Material for this task:
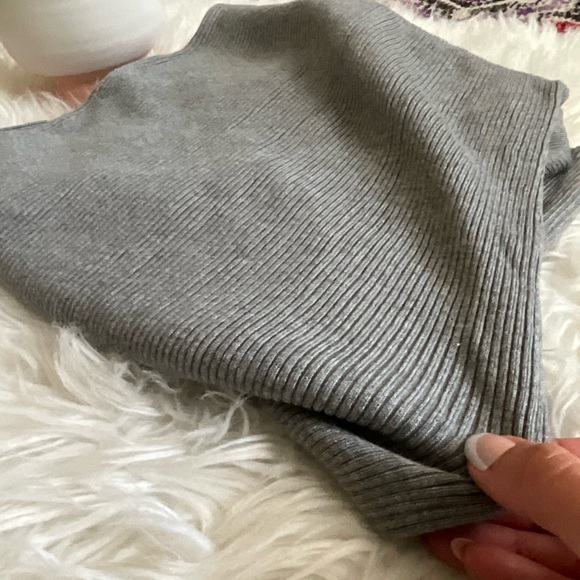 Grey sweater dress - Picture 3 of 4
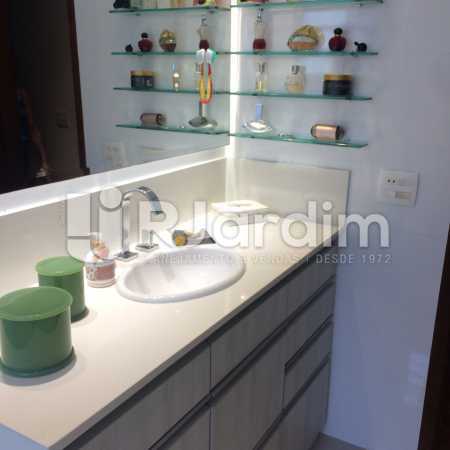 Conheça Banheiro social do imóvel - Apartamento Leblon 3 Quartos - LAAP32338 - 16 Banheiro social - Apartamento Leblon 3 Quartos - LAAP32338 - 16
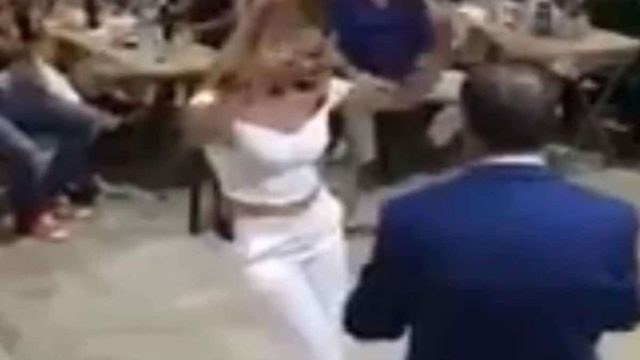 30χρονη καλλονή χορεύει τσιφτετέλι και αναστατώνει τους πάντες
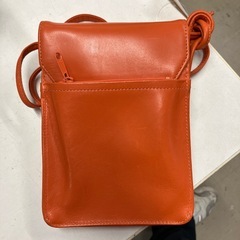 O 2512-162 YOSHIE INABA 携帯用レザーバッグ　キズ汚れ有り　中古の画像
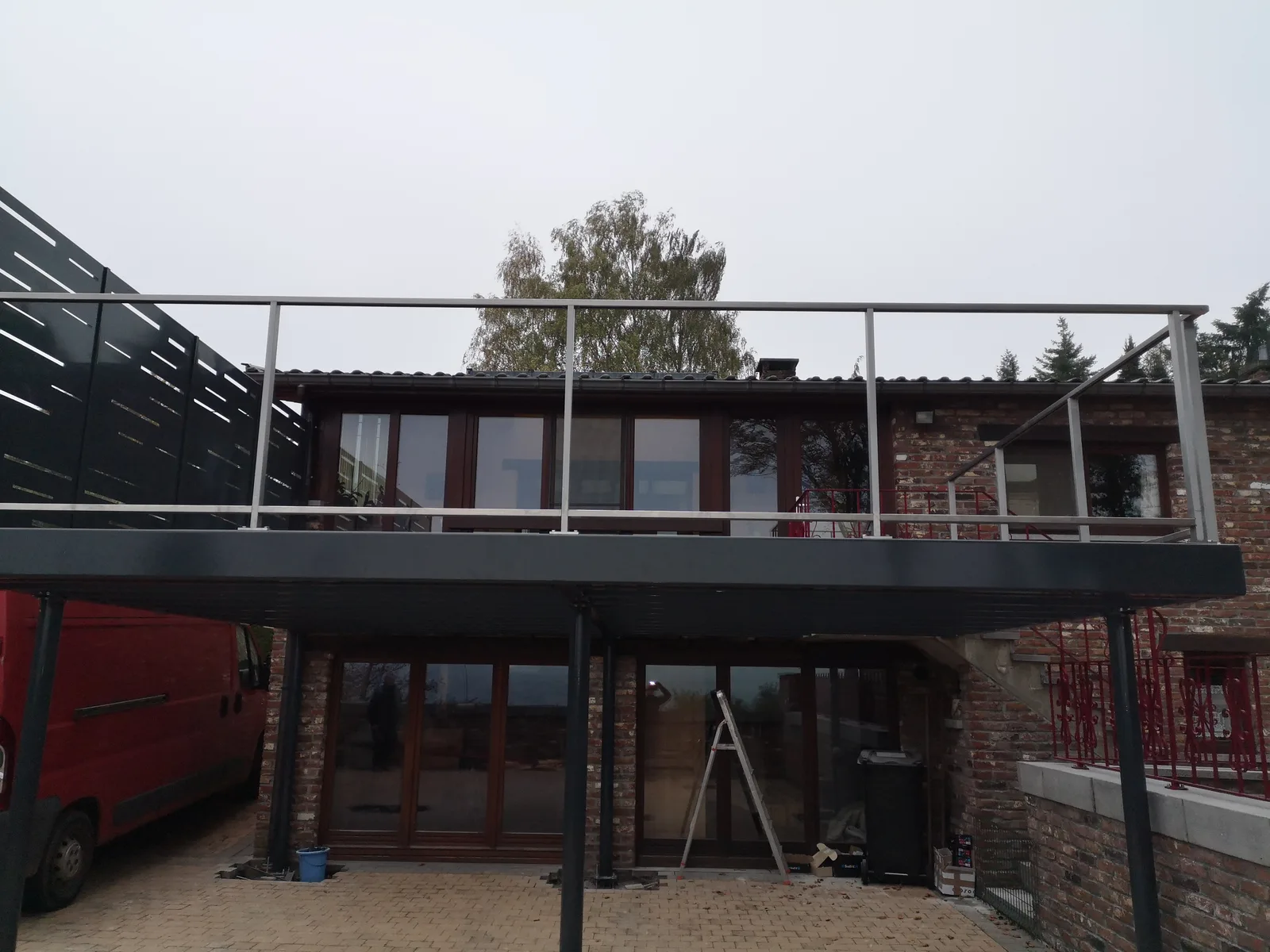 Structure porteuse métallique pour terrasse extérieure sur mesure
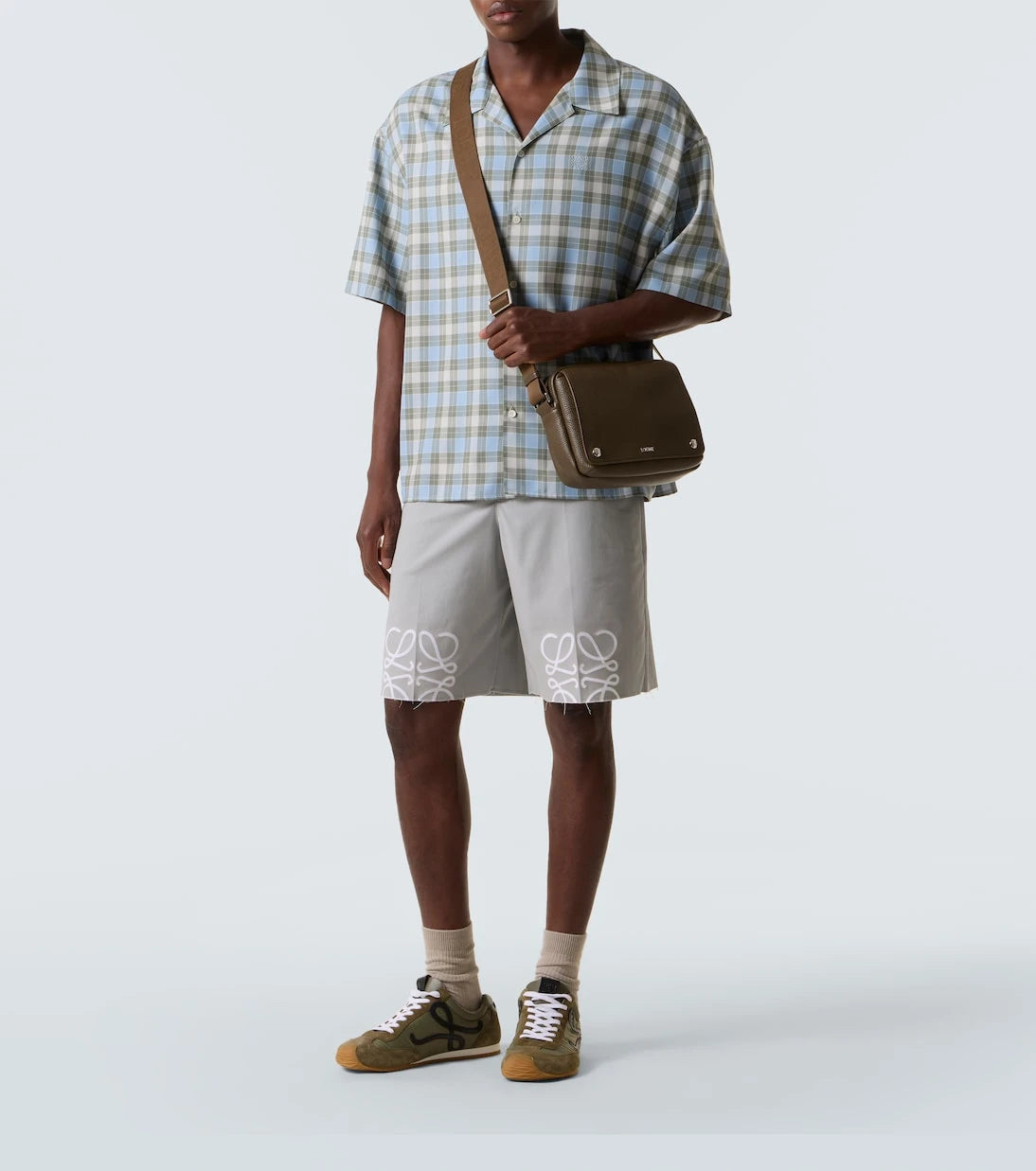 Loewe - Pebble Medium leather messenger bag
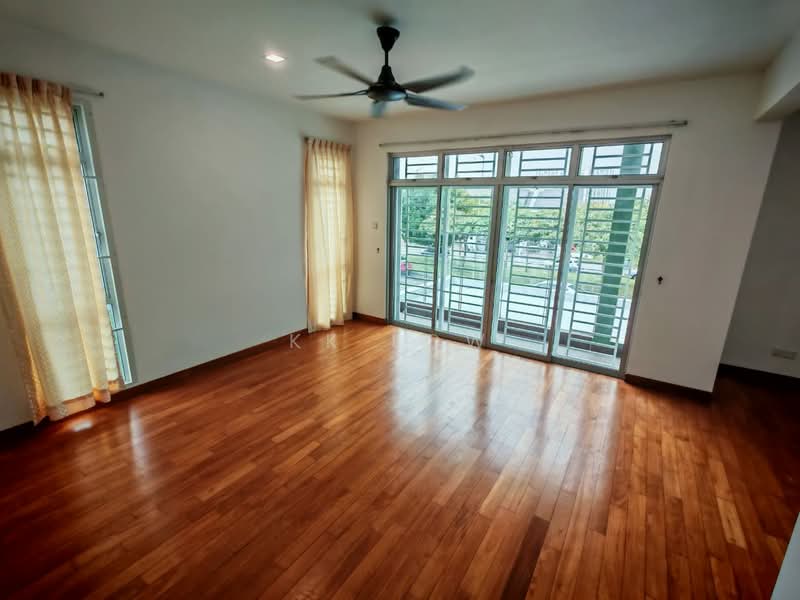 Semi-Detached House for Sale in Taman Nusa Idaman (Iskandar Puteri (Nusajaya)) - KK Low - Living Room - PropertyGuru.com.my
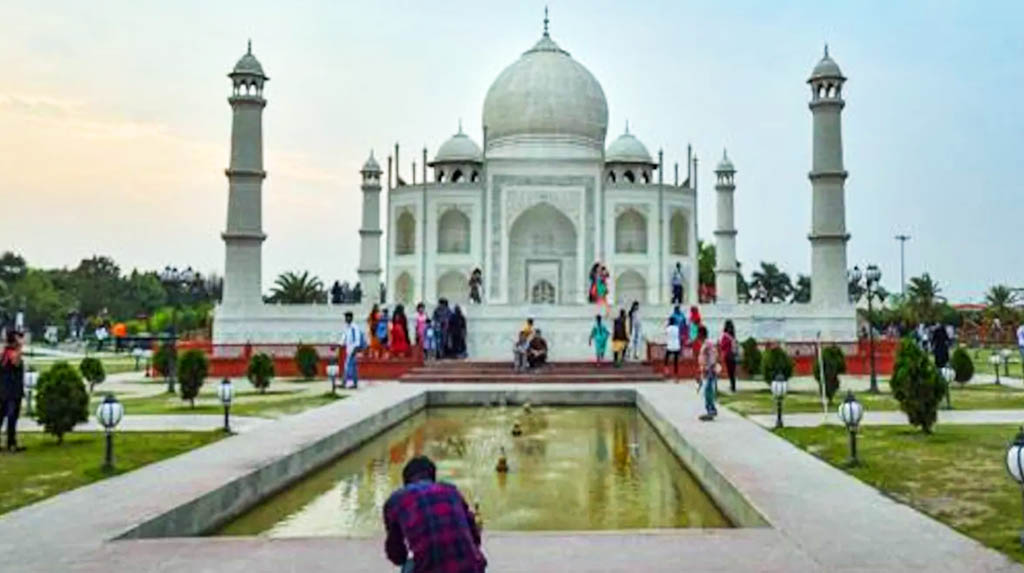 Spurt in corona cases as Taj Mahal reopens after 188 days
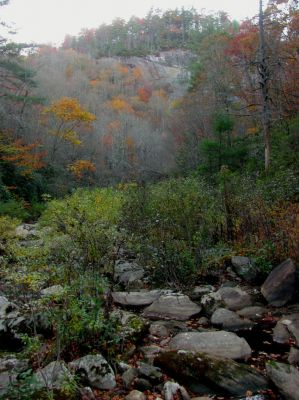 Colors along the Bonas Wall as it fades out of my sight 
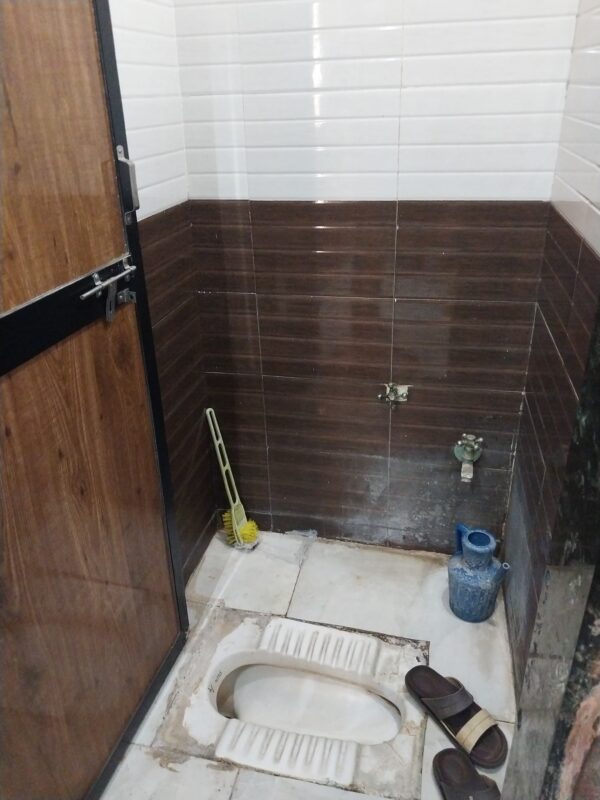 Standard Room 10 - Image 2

Work to complete:
The full set of entries should be transcribed exactly, pictures left aside.

Task solution:
 Grey sweater dress - Picture 3 of 4
 Conheça Banheiro social do imóvel - Apartamento Leblon 3 Quartos - LAAP32338 - 16 Banheiro social - Apartamento Leblon 3 Quartos - LAAP32338 - 16
 30χρονη καλλονή χορεύει τσιφτετέλι και αναστατώνει τους πάντες
 O 2512-162 YOSHIE INABA 携帯用レザーバッグ　キズ汚れ有り　中古の画像
 Structure porteuse métallique pour terrasse extérieure sur mesure
 Loewe - Pebble Medium leather messenger bag
 Semi-Detached House for Sale in Taman Nusa Idaman (Iskandar Puteri (Nusajaya)) - KK Low - Living Room - PropertyGuru.com.my
 Spurt in corona cases as Taj Mahal reopens after 188 days
 Colors along the Bonas Wall as it fades out of my sight 
 Standard Room 10 - Image 2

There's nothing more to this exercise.